L’accabadora
von Enrico Pau
Eine Sardin versucht sich aus der ihr zugefallenen archaischen Rolle als eine Art Todesengel zu befreien.
Düstere Rätsel
Der Titel dieses Films ist nahezu identisch mit dem eines Buches, das gleich bei seinem Erscheinen im Jahr 2009 Aufsehen erregte, im Jahr darauf den Premio Campiello erhielt und in viele Sprachen übersetzt wurde: »Accabadora«, geschrieben von der sardischen Autorin Michela Murgia [› Rezension]. Man könnte also leicht annehmen, der Film orientiere sich an diesem Bestseller. Das wäre aber ein Trugschluss, und man wäre beim Ansehen des Films ziemlich sicher enttäuscht.

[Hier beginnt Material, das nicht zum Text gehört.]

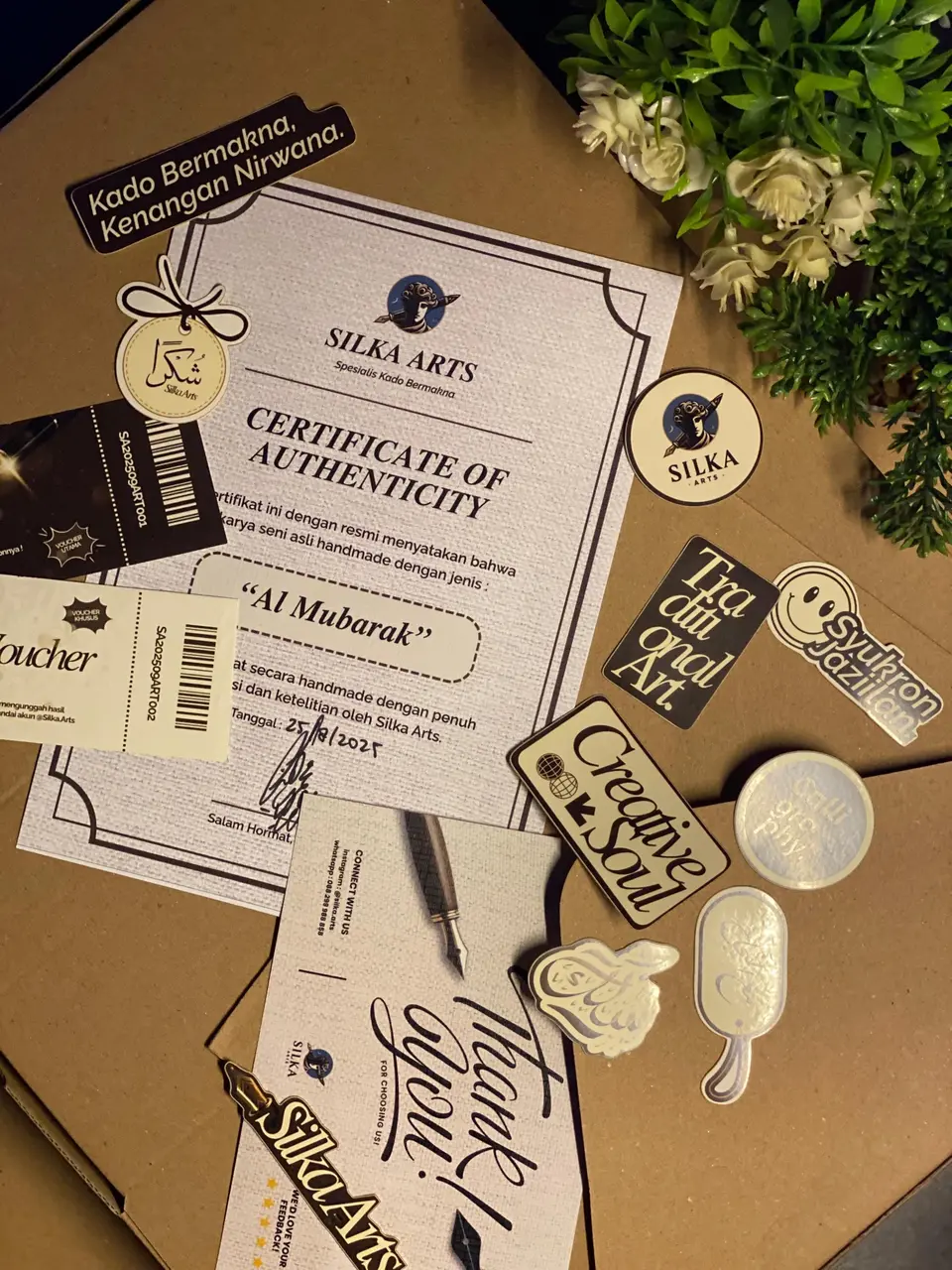 Sertifikat dan detail packaging Silka Arts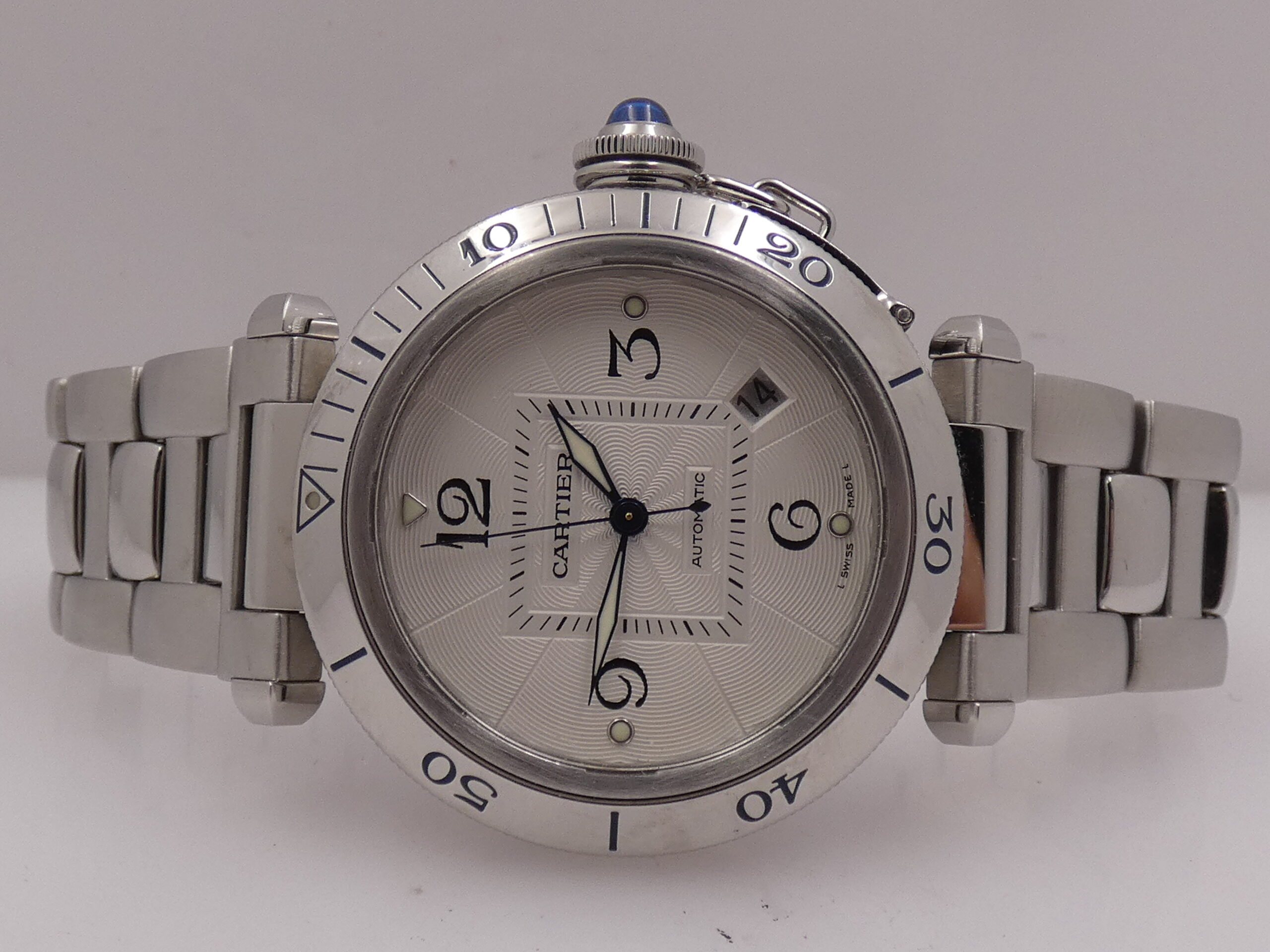 Cartier Pasha de Cartier 2379 38mm Automatic Date Anni 2000's Acciaio Braccialato W31040H3 - immagine 6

Das Beste an Enrico Paus Werk ist seine Filmsprache. Er präsentiert wunderschöne Bilder, deren Aufbau, Ruhe, Licht- und Farbgestaltung geradezu an klassische Gemälde erinnern. Die Kamera ist weitgehend statisch, Stimmung und Atmosphäre verändern sich kaum, und es ist die Stille, die uns anspricht. Pau setzt mehr auf die geheimnisvollen, mysteriösen Aspekte seiner zentralen Figur, die als eine Art Todesengel unheilbar leidende Mitmenschen zu erlösen bereit ist, wenn man sie darum bittet – eine tief in der sardischen Kultur verwurzelte, faszinierende Figur, die im Zentrum zahlreicher gravierender Widersprüche zwischen Christentum und heidnischem Aberglauben, Menschlichkeit und Recht, Archaik und Moderne, Nächstenliebe und Gewalt leben muss. (Manche behaupten, solche Frauen habe es bis Mitte des 20. Jahrhunderts tatsächlich als eine Art Geheiminstitution gegeben. Viele Anthropologen bestreiten das allerdings.)

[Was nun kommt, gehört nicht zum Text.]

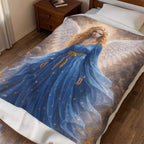 Angel Wings Velveteen Plush Blanket — Blue Guardian Angel Throw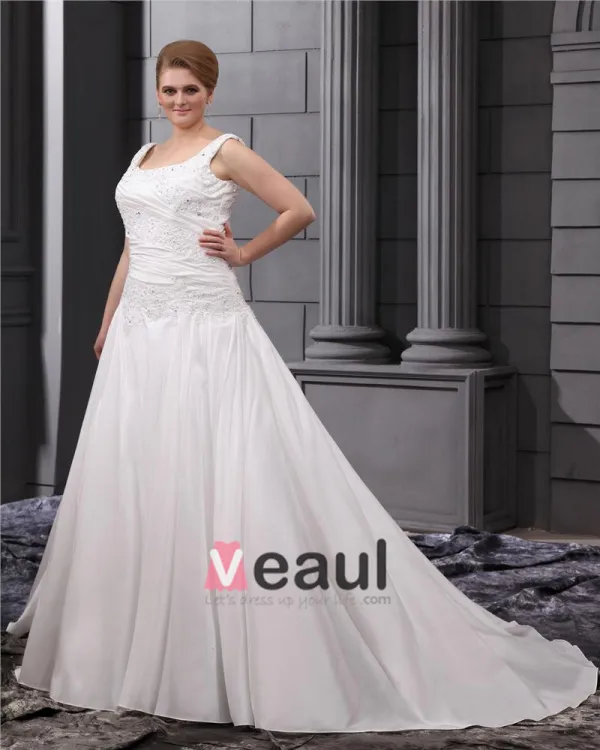 Satin Applique Round Neck Court Plus Size Bridal Gown Wedding Dress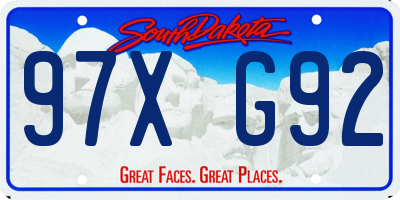 SD license plate 97XG92
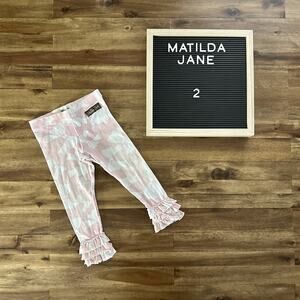 Matilda Jane Vintage Good Hart Pink Cream Bows Ruffles Ryba’s Knit Leggings 2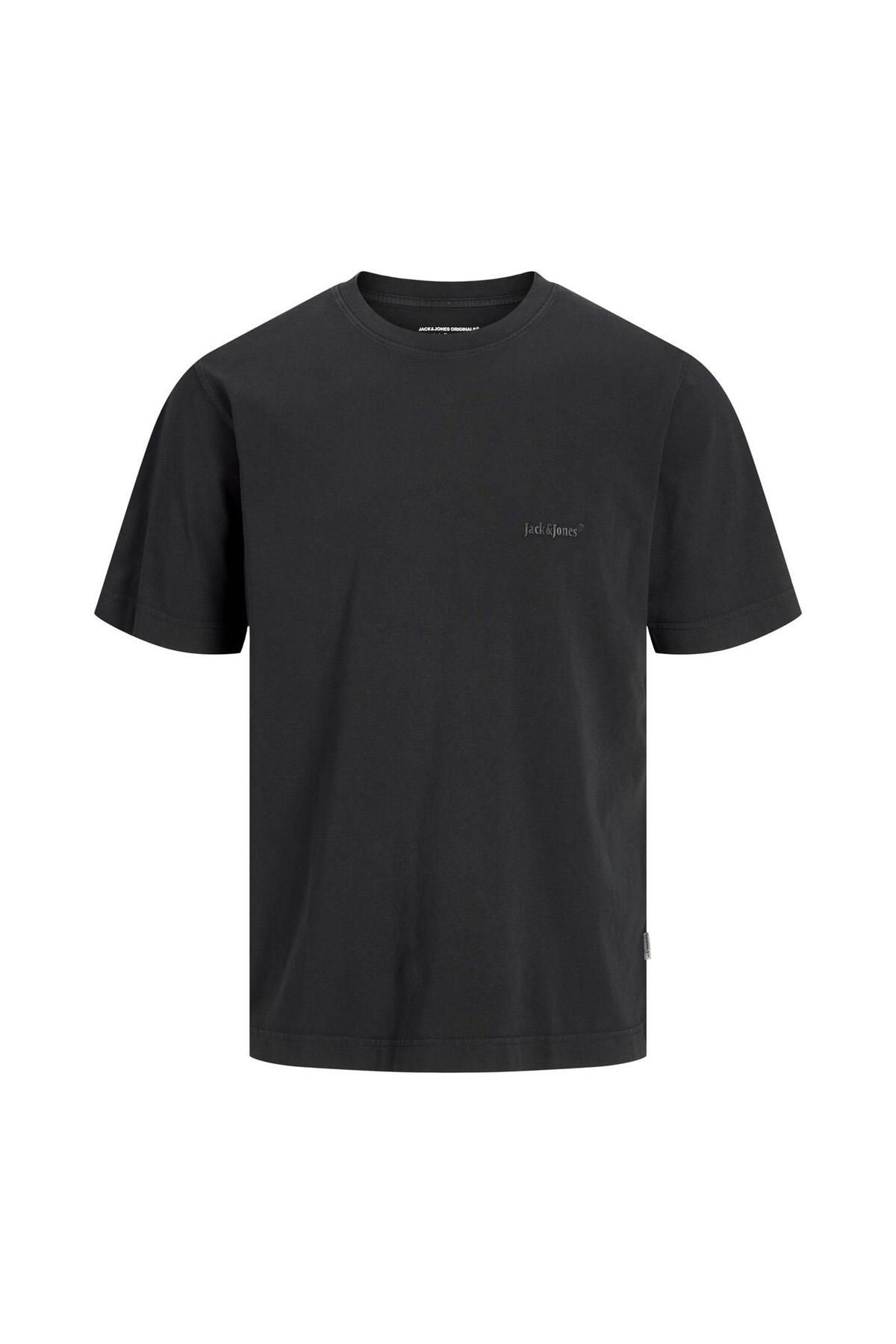Jack & Jones Jorvarenna Pigment Dye Bisiklet Yaka Siyah Erkek Tişört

Während Michela Murgias Roman die problematische Rolle dieser Frauen einschließlich all der Konflikte, die aus ihrer Tätigkeit erwachsen, differenziert und überdies aus reizvoller Perspektive darstellt, konzentriert sich Enrico Pau auf einen Abschnitt im privaten Leben einer solchen Frau. Das Thema des Films ist damit enger, die Handlung bleibt im Wesentlichen einsinnig, und statt Spannung zu erzeugen setzt der Film auf immer gleiche Andeutungen und verströmt eine Aura von Traurigkeit und Geheimnis. Dazu passt, dass die etwa vierzigjährige, meist schwarz gewandete Protagonistin im gesamten Film nur einen einzigen Gesichtsausdruck vorweist, was wohl die Last der Aufgabe spiegeln soll, die sie sich keineswegs erwählt hat.
Die Handlung trägt sich im Frühjahr 1943 zu. Annetta hat ihr Heimatdorf verlassen, um in Cagliari nach Tecla, der Tochter ihrer soeben verstorbenen Schwester zu suchen. Sie kommt als Haushälterin bei einer reichen Familie unter, die sich auf ihr Landgut zurückzieht, da die massiven Bombardierungen der Alliierten die Stadt in Schutt und Asche legen. Während Annetta die Nichte sucht, findet und ihr Hilfe anbietet, erfahren wir in vielen Rückblenden die Vorgeschichte. Schon Annettas Mutter übte im Verborgenen die Tätigkeit einer Accabadora aus und führte das Kind behutsam in die uralten Gepflogenheiten dieser Aufgabe ein. Seither trägt Annetta schwer an ihrer Bestimmung eines einsamen Lebens in ständiger Nähe des Todes, kann sie aber nicht abschütteln. Durch Zufall kam die junge Tecla hinter das Geheimnis und brach die Beziehung zur Tante entsetzt ab.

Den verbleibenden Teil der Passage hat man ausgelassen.